Pursuant to requirements set forth in the Regulatory Flexibility
Act (RFA), the Agricultural Marketing Service (AMS) has considered the
economic impact of this action on small entities. Accordingly, AMS has
prepared this initial regulatory flexibility analysis.
The purpose of the RFA is to fit regulatory actions to the scale of
business subject to such actions in order that small businesses will
not be unduly or disproportionately burdened. Marketing orders issued
pursuant to the Act, and rules issued thereunder, are unique in that
they are brought about through group action of essentially small
entities acting on their own behalf. Thus, both statutes have small
entity orientation and compatibility.
There are approximately 80 handlers subject to regulation under the
order and approximately 11,000 growers of citrus in the regulated area.

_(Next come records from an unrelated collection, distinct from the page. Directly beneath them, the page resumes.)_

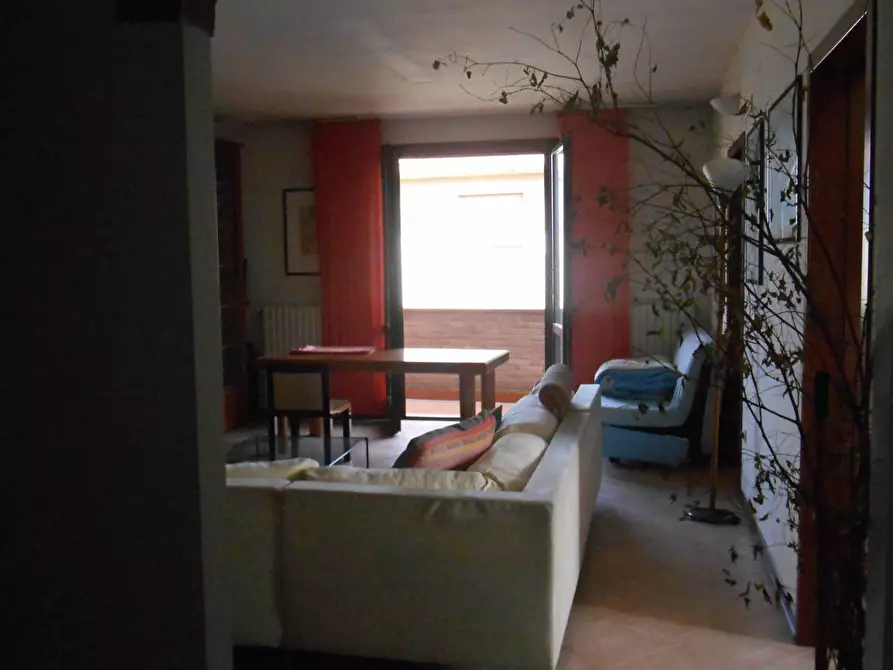 Immagine 6 di Casa semindipendente in vendita  in Via Madonna Boschi a Vigarano Mainarda
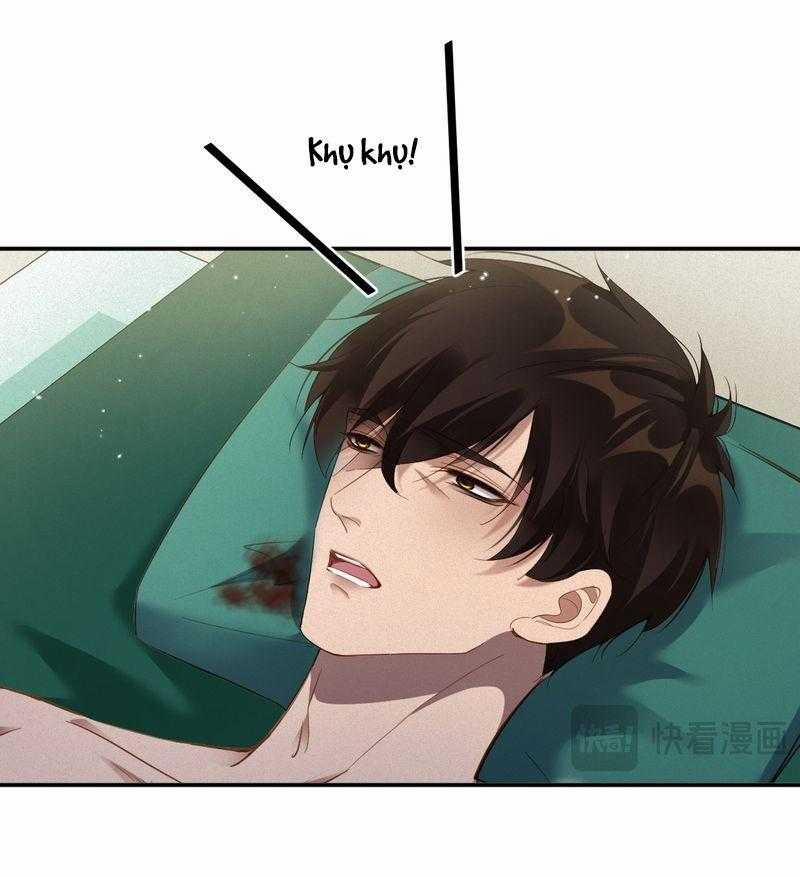 Chồng Cũ Muốn Tái Hôn Lần Nữa 92 trang 21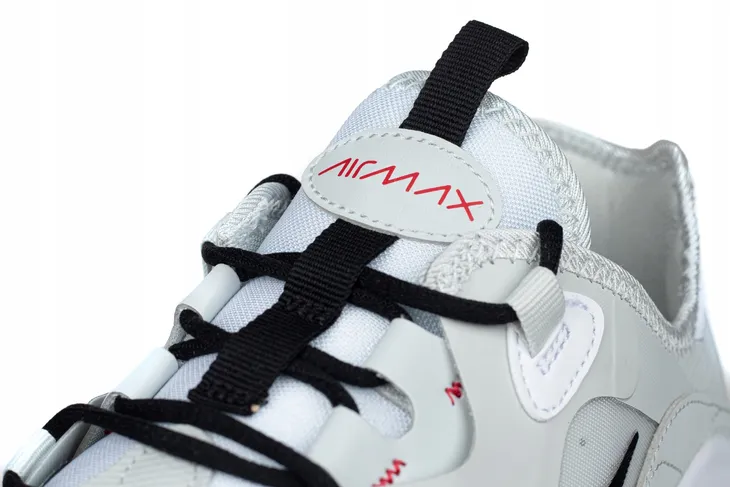 buty-nike-air-max-infinity-2-100-405-wysokosc-niskie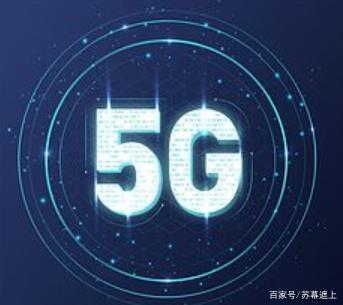 中国移动无痛推进5g部署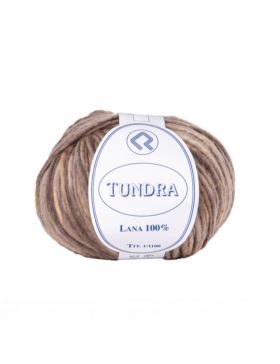 Włóczka - Campolmi Filati - Tundra Fantasy - 200g/opak.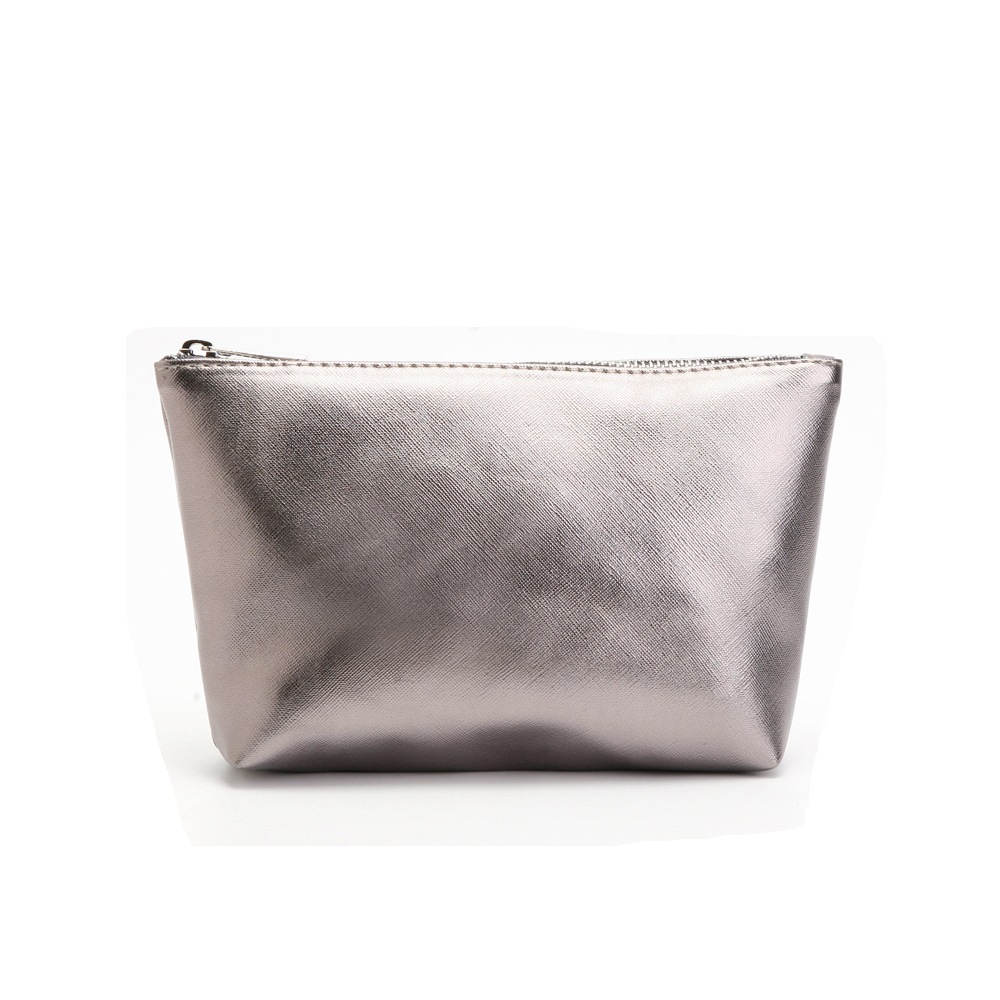 �ߵ���ױ��������óԭ������ɫPU��ױ���������ﶬϵ�а���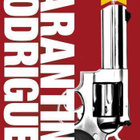 Tarantino / Rodriguez Box - (4 DVD) - pikkukuva 1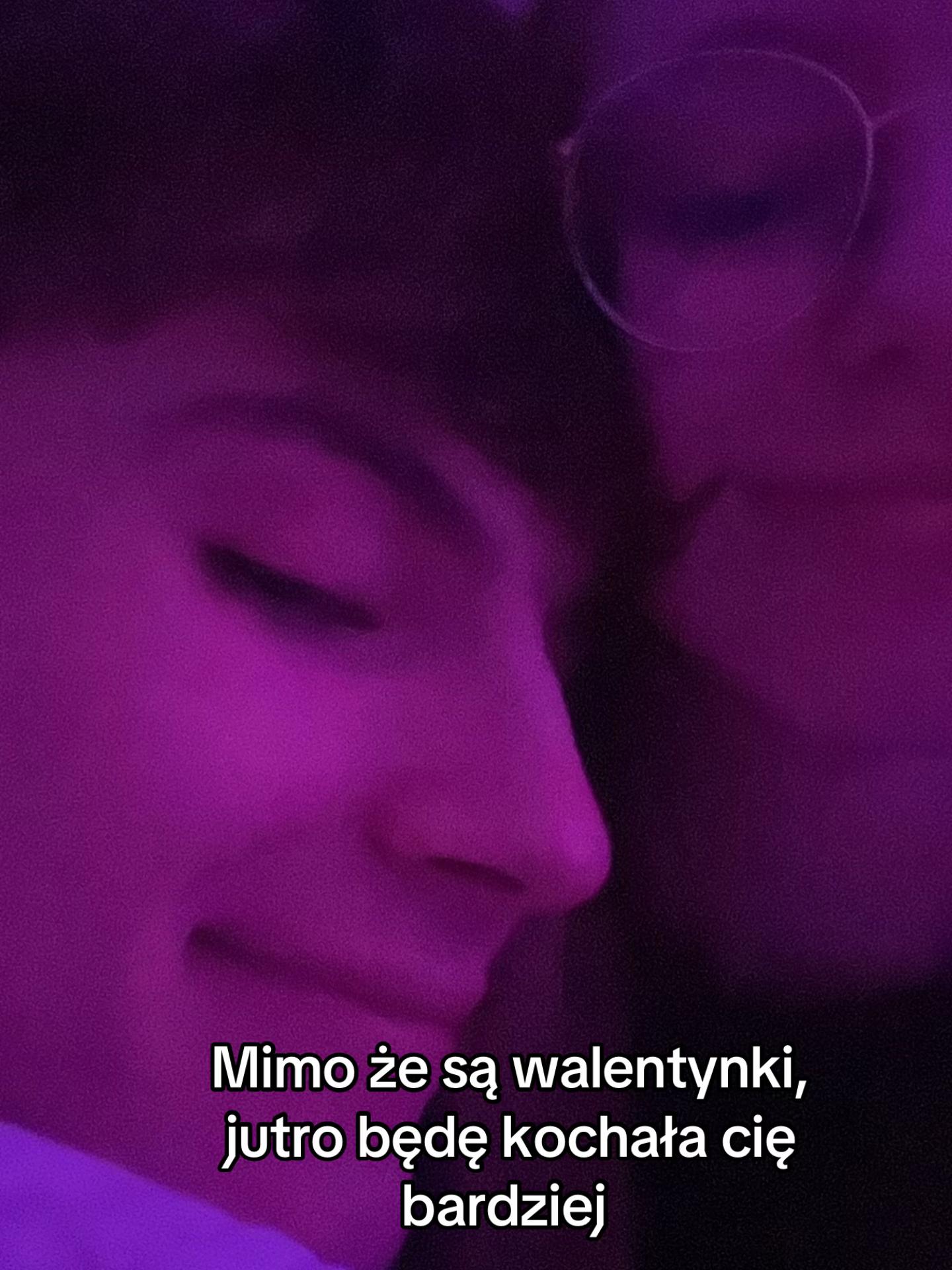 @Swag.Silver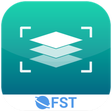 程序图标：Focus Stacking Software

Small agricultural service firms, which includes handlers, have been
defined by the Small Business Administration (SBA) (13 CFR 121.601) as
those having annual receipts of less than $5,000,000, and small
agricultural producers are defined as those having annual receipts of
less than $500,000.
Based on the Florida Agricultural Statistics Service and committee
data for the 1995-96 season, the average annual f.o.b. price for fresh
Florida red grapefruit during the 1995-96 season was $5.00 per \4/5\
bushel cartons for all grapefruit shipments, and the total shipments
for the 1995-96 season were 23 million cartons of grapefruit.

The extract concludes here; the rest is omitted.